Yeah, this is a total crock of shit. It was a publicly accessible URL -- no "hacking" involved, just pressing backspace. I can't believe the ill will being directed at these poor applicants.
I think it's much more like accidentally putting up a bulletin board with everyone's admit status (actually, people could only view their own data), or my acceptance/rejection envelope arriving a few days early. They're the ones who screwed up. Okay, I realize that these analogies aren't perfect. But they're much closer than most of the ridiculous comparisons and discussions and hate-mongering going on here. It's not like any admin accounts were compromised or people were altering their admit/deny status.
It's sad that Harvard crucifies its applicants instead of sacking up to the fact that they (or ApplyYourself) didn't manage their data properly.
-fren
"Where are we going, and why am I in this handbasket?"
(a) Harvard can't secure its systems properly, so it's partly their fault.
(b) No decisions were changed as a result of the access and no-one altered any data.
(c) Harvard has lost some bright students who passed their (presumably rigorous) selection process.
So is this a stupid decision, or what?
When I am king, you will be first against the wall.
You've got to be kidding me.
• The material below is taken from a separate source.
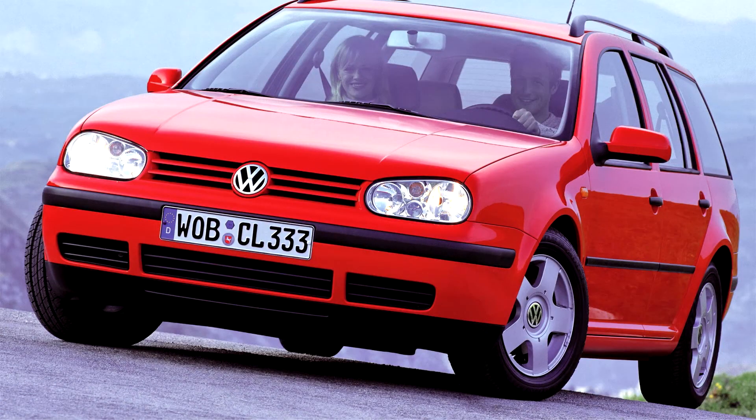Volkswagen Golf 4th Generation, MK4, 1997.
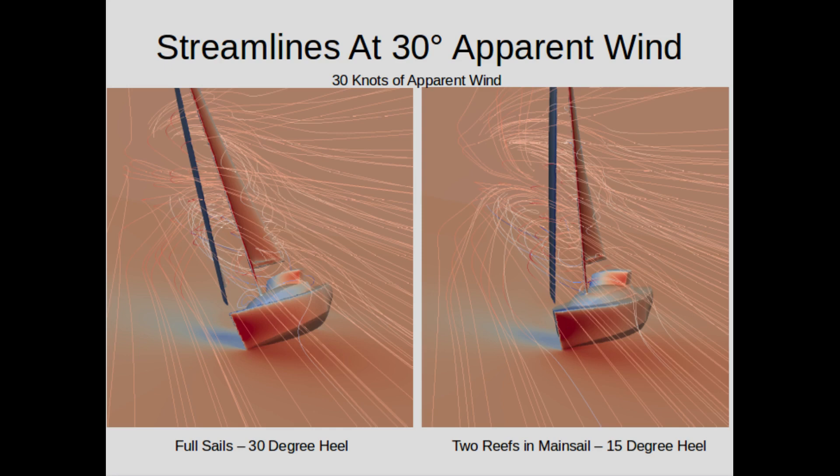Now we're looking at both cases from upwind. The fine lines are streamlines — the imaginary path that little bits of fluff would take as they went by the hull and sails. As the boat heels more, the windward side of the hull is projected more and more into the airstream and starts having a more disruptive effect on the airflow over the lower region. You'll also note that because of heeling, the air passing by the mainsail and jib actually flows at a slight angle relative to the angle of the boom, though both cases still have nicely pressurized sails.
How on earth is this some ethical conundrum? Information was available, unsecured, from the public Internet, to him, regarding his personal status. I could see ethics coming into the issue if the post detailed a method to view other applicants' data, but this was about him and didn't involve breaching any security. While I'm not familiar with the system (my college application, um, pre-dates this system by a bit), the delay in being notified that the data is posted could just as easily be ascribed to technical delays.
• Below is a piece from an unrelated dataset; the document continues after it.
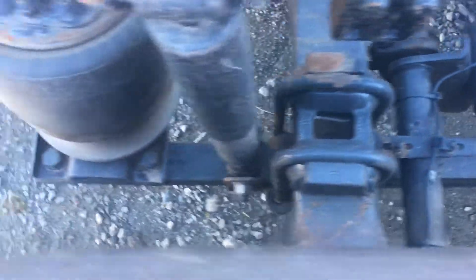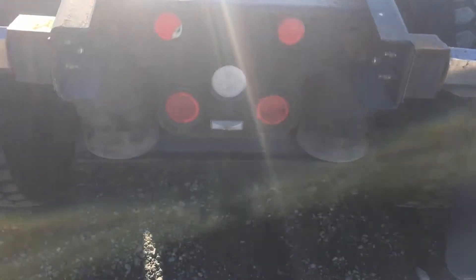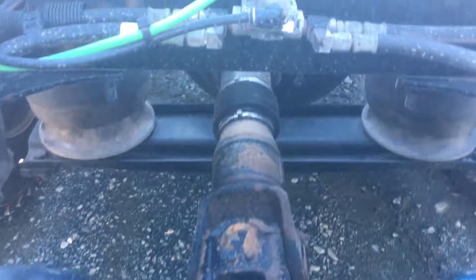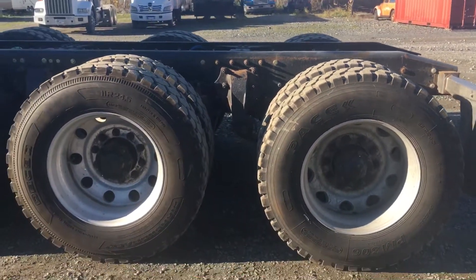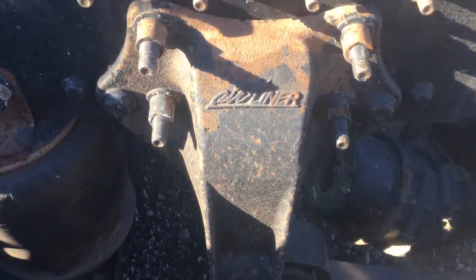I'm going to come up between the second and third axles here and go all the way through. I'll bring you as far as we can and let you see the airliner suspension, then do the same thing and bring you along to the front of the unit.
The broader issue that you seem to be missing is that faux-ethical dilemma feelgood moments like this distract from genuine ethics problems. It's a shame Harvard can't train its awesome ethical standards (like admitting C-average future presidents) on more challenging targets.
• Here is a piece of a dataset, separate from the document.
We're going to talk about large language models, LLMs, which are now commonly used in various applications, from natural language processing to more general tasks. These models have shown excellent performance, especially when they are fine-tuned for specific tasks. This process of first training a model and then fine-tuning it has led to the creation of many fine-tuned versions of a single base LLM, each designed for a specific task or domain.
If you know someone in admissions and ask them if they've heard about your status, is that equally unethical? (And before you go all black-and-white again and provide some remarkably obvious platitude from a first-year philosophy course -- yes, the individual in admissions would most likely be bound ethically not to divulge this information. And if you attempted to induce them to divulge the information after learning that they were so bound, yes, that would be unethical.)
This just isn't as neatly wrapped a package as you're saying. If the primary basis for your conclusion is a breach of trust, then it follows that the substance of that trust must be clearly communicated and agreed upon in advance. HBS saying "we'll get ahold of you on XX/XX" does not meet that standard in my opinion. Neither does a click-through EULA. A simple, plainly written agreement is closer to the mark. I don't really know enough about this service and the terms established to make a judgment here, but taking a peek is not a de facto ethical violation.
That's just my opinion. I'm willing to accept the fact that you may disagree.